*** DATA RECORDS ***

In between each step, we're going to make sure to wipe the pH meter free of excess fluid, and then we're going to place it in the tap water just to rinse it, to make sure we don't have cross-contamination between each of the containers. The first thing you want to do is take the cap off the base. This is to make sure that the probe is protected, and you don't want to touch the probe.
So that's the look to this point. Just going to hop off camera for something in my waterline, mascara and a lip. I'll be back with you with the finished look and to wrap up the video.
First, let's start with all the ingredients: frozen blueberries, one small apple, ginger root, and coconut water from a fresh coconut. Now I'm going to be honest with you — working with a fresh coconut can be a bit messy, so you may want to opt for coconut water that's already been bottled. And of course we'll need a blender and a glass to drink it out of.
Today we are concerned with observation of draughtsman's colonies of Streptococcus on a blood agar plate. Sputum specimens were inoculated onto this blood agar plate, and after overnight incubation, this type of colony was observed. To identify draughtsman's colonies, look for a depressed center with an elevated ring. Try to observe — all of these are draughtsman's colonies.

***
*** DATA RECORDS ***

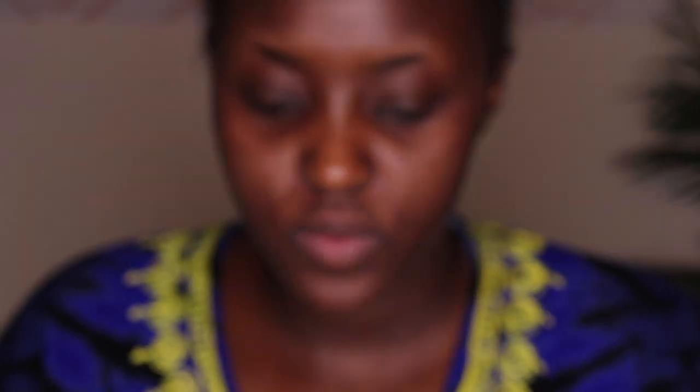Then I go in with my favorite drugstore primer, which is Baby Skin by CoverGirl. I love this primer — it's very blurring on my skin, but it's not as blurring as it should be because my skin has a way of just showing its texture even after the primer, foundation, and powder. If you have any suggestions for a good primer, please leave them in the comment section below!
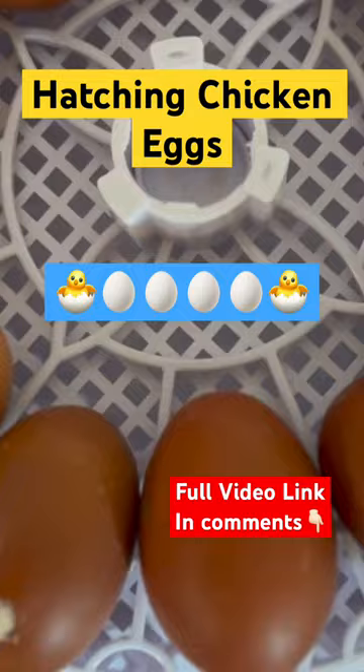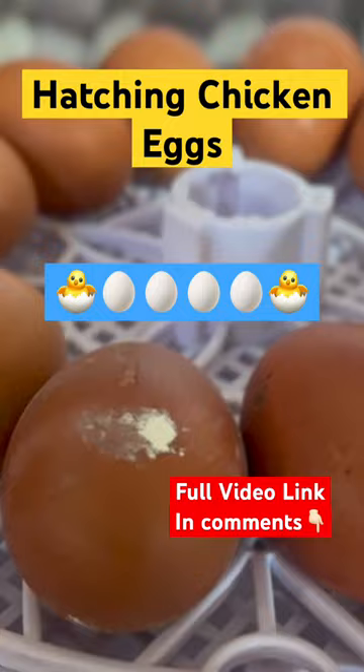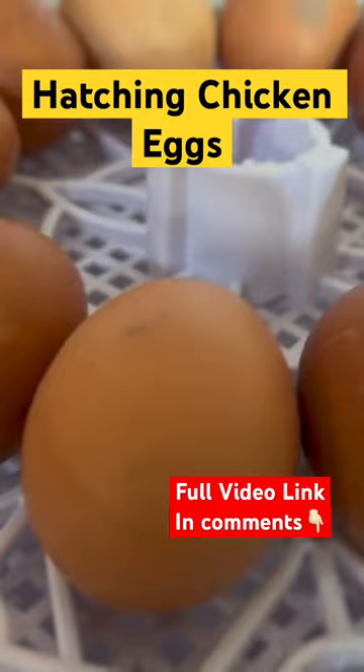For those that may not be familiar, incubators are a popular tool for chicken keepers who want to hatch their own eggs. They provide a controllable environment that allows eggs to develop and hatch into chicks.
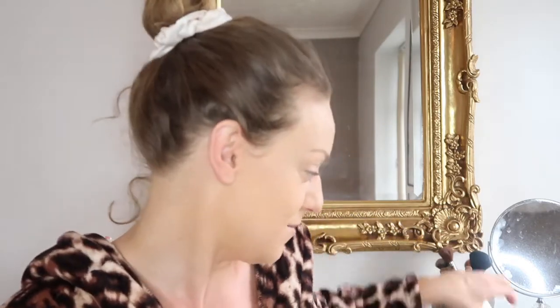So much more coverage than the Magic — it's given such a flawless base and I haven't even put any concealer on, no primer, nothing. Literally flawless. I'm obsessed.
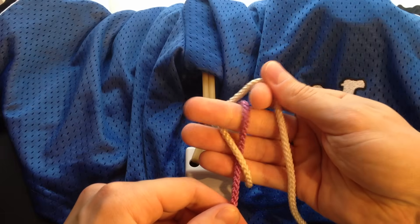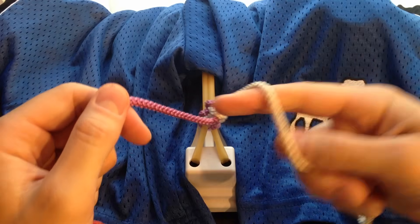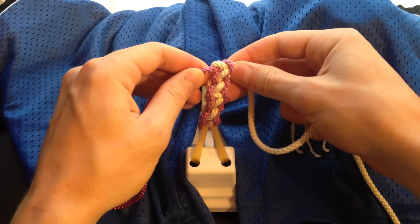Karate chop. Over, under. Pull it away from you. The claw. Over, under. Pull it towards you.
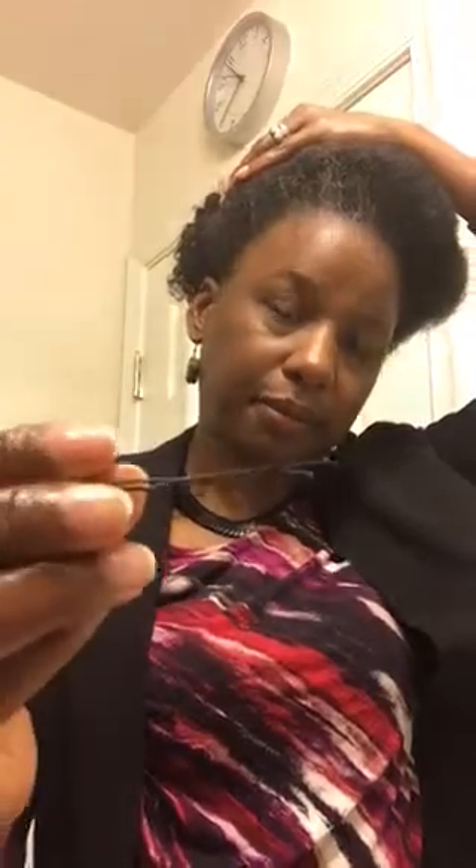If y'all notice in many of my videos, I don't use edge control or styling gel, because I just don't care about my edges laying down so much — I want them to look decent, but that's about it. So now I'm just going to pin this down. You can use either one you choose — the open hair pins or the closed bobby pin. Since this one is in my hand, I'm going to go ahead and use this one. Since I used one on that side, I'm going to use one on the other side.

***

# TRY IT
Starting at the line that contains "In between each" and stopping after the line that contains "So that's the", write out every line exactly as it appears above, and no other line.

# EXERCISE OUTPUT
In between each step, we're going to make sure to wipe the pH meter free of excess fluid, and then we're going to place it in the tap water just to rinse it, to make sure we don't have cross-contamination between each of the containers. The first thing you want to do is take the cap off the base. This is to make sure that the probe is protected, and you don't want to touch the probe.
So that's the look to this point. Just going to hop off camera for something in my waterline, mascara and a lip. I'll be back with you with the finished look and to wrap up the video.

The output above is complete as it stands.